>>

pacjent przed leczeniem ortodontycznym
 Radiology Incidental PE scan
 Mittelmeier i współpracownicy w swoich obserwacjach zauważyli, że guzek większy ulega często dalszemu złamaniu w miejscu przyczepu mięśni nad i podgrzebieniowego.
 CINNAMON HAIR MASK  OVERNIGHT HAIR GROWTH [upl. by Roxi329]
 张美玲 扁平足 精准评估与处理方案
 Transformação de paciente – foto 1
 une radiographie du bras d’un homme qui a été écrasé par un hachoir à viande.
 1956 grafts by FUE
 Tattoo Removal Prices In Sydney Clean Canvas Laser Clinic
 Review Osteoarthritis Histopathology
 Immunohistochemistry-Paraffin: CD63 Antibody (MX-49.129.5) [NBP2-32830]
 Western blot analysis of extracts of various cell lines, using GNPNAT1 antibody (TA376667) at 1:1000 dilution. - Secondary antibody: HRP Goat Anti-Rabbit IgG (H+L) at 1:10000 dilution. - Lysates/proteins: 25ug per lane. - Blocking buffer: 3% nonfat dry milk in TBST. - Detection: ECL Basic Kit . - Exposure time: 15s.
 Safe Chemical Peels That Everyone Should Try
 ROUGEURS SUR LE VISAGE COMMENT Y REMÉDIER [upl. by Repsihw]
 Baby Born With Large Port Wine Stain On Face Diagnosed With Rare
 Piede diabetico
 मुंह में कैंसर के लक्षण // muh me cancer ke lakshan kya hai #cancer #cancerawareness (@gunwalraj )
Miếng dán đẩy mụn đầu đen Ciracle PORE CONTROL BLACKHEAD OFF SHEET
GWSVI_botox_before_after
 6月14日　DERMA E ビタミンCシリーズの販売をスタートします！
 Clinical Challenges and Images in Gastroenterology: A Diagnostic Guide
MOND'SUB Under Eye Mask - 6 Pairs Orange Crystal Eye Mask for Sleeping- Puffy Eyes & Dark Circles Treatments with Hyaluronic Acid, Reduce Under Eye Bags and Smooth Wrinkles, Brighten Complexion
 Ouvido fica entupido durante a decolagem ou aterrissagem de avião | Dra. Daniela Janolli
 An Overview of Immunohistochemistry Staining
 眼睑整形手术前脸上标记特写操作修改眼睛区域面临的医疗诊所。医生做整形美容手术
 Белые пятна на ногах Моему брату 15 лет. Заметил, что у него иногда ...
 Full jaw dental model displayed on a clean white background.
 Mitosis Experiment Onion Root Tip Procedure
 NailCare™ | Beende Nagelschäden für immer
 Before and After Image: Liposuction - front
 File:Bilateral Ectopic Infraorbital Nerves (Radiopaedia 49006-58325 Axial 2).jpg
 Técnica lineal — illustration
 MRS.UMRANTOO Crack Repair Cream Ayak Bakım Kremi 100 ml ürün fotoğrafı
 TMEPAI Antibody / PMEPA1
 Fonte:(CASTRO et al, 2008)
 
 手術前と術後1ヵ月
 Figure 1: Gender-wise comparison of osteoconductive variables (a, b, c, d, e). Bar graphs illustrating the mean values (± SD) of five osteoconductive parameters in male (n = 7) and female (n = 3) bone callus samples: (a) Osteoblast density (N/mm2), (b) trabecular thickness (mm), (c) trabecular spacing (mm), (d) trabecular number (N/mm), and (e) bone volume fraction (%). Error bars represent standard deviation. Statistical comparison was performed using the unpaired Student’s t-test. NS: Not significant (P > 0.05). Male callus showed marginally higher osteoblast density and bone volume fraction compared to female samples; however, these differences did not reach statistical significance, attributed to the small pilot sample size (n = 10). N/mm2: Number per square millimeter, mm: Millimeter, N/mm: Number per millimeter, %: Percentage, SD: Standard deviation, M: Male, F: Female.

<<

WHAT THE TASK REQUIRES >>
In the records above, find each line that holds the word "Immunohistochemistry"; copy all such lines.

EXERCISE RESULT >>
 Immunohistochemistry-Paraffin: CD63 Antibody (MX-49.129.5) [NBP2-32830]
 An Overview of Immunohistochemistry Staining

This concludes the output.